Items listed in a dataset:
****************

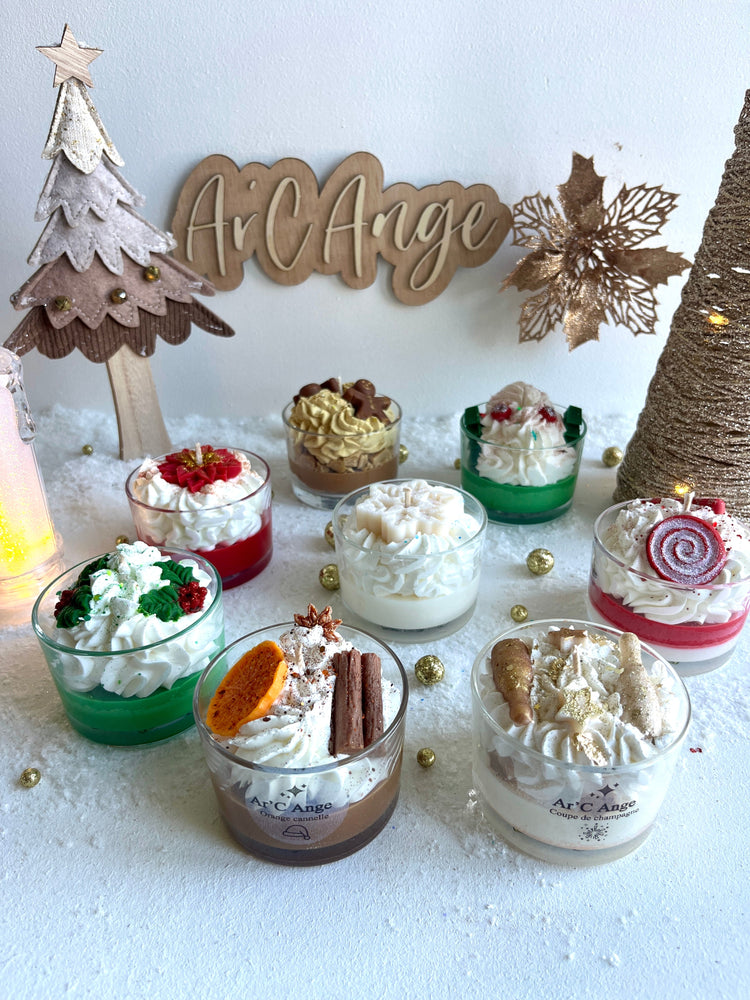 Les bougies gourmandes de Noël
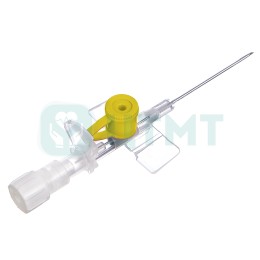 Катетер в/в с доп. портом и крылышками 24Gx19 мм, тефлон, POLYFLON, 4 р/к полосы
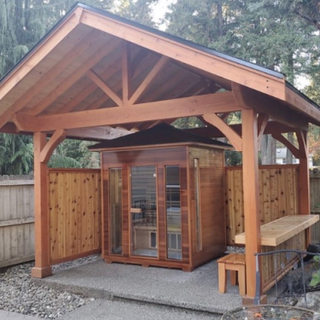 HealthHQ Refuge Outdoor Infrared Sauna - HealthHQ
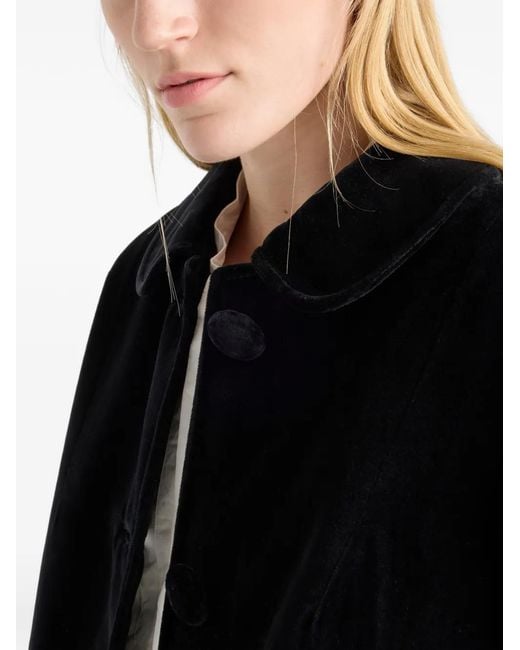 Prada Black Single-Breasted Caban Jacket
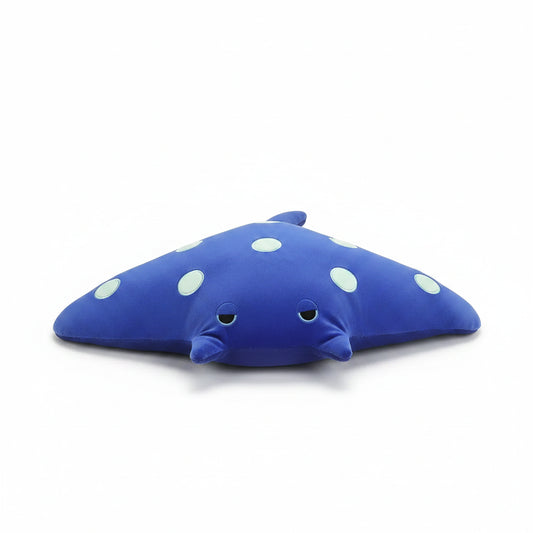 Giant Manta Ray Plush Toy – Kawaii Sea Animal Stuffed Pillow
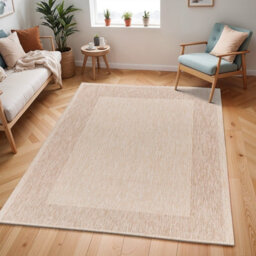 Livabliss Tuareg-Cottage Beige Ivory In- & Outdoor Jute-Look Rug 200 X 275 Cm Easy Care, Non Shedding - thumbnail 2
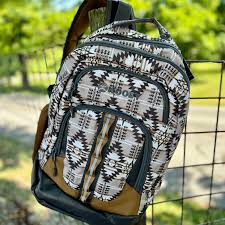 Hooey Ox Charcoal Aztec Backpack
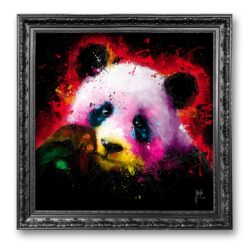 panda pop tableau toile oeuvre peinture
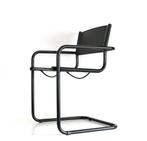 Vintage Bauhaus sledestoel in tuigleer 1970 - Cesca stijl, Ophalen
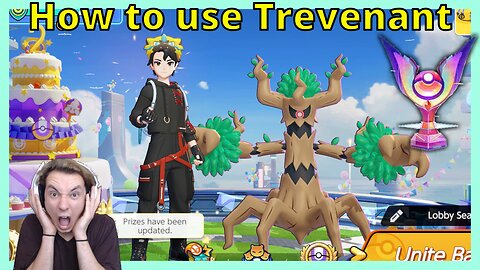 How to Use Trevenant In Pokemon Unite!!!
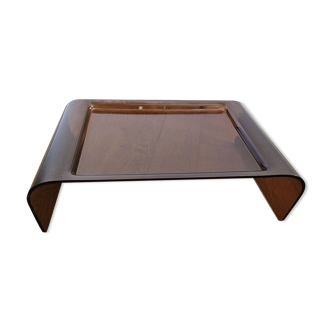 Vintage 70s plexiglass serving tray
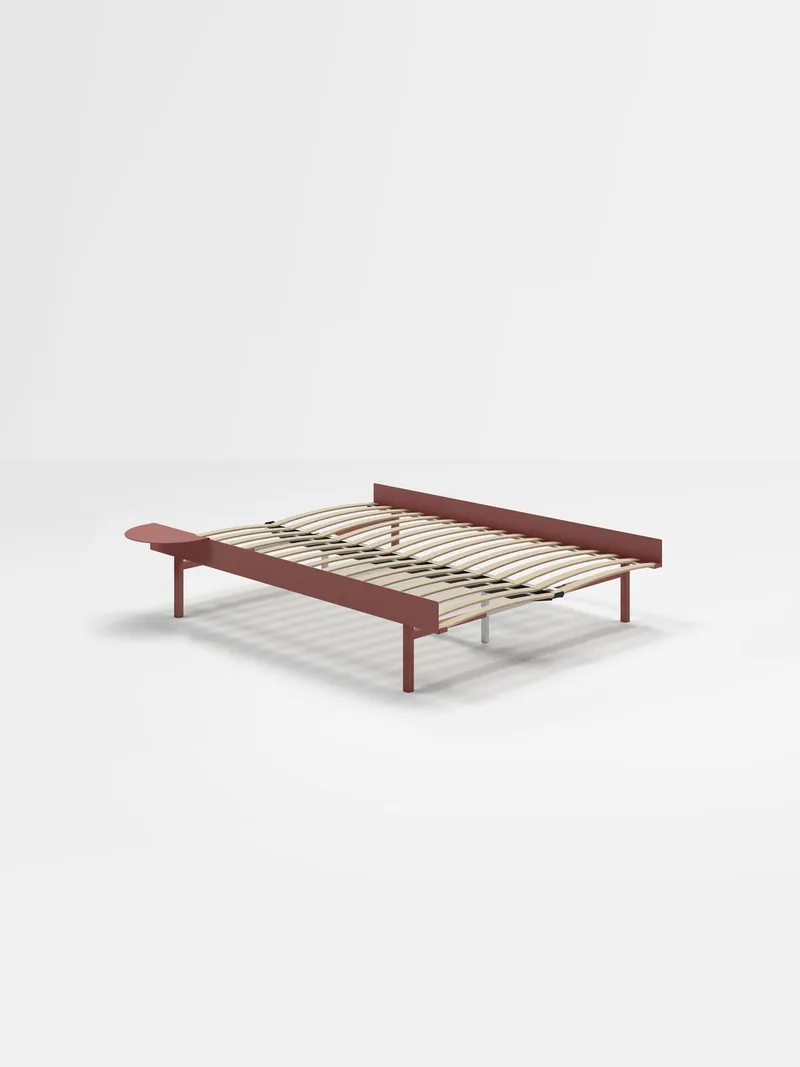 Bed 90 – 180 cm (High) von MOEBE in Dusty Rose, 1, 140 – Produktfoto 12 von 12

****************

EXERCISE DIRECTIONS: From the first line to the last, copy the records exactly and skip the pictures.

RESPONSE TO THIS EXERCISE:
 Les bougies gourmandes de Noël
 Катетер в/в с доп. портом и крылышками 24Gx19 мм, тефлон, POLYFLON, 4 р/к полосы
 HealthHQ Refuge Outdoor Infrared Sauna - HealthHQ
 Prada Black Single-Breasted Caban Jacket
 Giant Manta Ray Plush Toy – Kawaii Sea Animal Stuffed Pillow
 Livabliss Tuareg-Cottage Beige Ivory In- & Outdoor Jute-Look Rug 200 X 275 Cm Easy Care, Non Shedding - thumbnail 2
 Hooey Ox Charcoal Aztec Backpack
 panda pop tableau toile oeuvre peinture
 Vintage Bauhaus sledestoel in tuigleer 1970 - Cesca stijl, Ophalen
 How to Use Trevenant In Pokemon Unite!!!
 Vintage 70s plexiglass serving tray
 Bed 90 – 180 cm (High) von MOEBE in Dusty Rose, 1, 140 – Produktfoto 12 von 12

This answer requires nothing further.